→ WHAT IS NEEDED
The records follow. Print, word for word, the first line through the "Chất chống thấm tường Silatex Super 5kg" line.

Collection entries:
◆ ◆ ◆ ◆ ◆

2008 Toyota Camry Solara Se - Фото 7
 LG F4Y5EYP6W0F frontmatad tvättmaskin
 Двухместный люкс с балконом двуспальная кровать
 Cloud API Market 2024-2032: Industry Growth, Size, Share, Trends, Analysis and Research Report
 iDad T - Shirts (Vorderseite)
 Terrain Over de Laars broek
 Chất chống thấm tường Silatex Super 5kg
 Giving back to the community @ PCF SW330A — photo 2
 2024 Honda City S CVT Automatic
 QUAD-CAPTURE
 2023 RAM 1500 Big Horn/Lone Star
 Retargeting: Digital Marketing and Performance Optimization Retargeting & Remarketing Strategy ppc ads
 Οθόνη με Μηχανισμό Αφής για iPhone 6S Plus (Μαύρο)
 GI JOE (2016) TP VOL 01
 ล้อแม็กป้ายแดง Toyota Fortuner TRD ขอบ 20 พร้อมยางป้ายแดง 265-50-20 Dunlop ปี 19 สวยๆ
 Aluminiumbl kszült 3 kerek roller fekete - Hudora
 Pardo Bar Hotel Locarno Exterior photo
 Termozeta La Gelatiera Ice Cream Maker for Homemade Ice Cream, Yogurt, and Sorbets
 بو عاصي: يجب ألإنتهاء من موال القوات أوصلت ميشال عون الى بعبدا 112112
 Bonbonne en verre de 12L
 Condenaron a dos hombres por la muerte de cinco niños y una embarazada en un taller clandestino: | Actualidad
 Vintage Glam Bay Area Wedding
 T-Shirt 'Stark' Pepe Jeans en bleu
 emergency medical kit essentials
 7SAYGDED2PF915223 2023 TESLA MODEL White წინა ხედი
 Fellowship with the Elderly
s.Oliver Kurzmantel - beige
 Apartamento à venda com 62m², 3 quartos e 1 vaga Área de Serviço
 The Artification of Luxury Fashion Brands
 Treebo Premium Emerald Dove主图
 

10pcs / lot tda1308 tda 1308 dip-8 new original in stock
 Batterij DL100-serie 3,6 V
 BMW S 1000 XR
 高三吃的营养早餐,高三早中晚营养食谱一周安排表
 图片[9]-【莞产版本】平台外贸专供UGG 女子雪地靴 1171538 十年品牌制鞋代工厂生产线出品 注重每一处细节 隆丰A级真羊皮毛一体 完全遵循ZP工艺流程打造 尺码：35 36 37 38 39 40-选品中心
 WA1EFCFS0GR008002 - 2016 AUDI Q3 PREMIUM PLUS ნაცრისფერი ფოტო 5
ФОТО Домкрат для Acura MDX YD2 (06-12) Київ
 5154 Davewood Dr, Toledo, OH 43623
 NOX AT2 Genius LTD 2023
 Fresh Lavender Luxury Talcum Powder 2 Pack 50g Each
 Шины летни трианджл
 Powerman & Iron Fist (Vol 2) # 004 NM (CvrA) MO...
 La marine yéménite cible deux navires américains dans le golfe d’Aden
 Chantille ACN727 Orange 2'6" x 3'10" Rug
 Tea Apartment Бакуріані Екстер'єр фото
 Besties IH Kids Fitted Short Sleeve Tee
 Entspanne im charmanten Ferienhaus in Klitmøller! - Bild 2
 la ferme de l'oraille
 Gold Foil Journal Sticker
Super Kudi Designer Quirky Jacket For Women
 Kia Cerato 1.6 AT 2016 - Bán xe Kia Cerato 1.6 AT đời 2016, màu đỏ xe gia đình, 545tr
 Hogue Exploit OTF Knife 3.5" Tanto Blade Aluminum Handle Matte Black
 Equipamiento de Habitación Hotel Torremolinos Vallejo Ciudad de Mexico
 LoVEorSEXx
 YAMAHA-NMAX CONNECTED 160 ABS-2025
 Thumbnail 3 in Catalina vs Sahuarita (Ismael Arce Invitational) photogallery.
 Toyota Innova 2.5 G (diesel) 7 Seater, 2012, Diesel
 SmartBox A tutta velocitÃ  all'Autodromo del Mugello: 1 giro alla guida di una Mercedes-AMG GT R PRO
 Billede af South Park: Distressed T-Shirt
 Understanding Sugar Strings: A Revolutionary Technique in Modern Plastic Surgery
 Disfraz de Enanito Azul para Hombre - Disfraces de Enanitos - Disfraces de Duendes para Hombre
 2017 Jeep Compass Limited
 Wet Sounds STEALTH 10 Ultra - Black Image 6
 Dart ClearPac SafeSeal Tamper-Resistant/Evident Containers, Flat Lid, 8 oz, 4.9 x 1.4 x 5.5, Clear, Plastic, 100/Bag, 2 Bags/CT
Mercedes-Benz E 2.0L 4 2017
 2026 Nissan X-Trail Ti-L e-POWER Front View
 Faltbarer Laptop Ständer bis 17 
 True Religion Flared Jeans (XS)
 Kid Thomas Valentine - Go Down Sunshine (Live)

◆ ◆ ◆ ◆ ◆

→ TASK RESULT
2008 Toyota Camry Solara Se - Фото 7
 LG F4Y5EYP6W0F frontmatad tvättmaskin
 Двухместный люкс с балконом двуспальная кровать
 Cloud API Market 2024-2032: Industry Growth, Size, Share, Trends, Analysis and Research Report
 iDad T - Shirts (Vorderseite)
 Terrain Over de Laars broek
 Chất chống thấm tường Silatex Super 5kg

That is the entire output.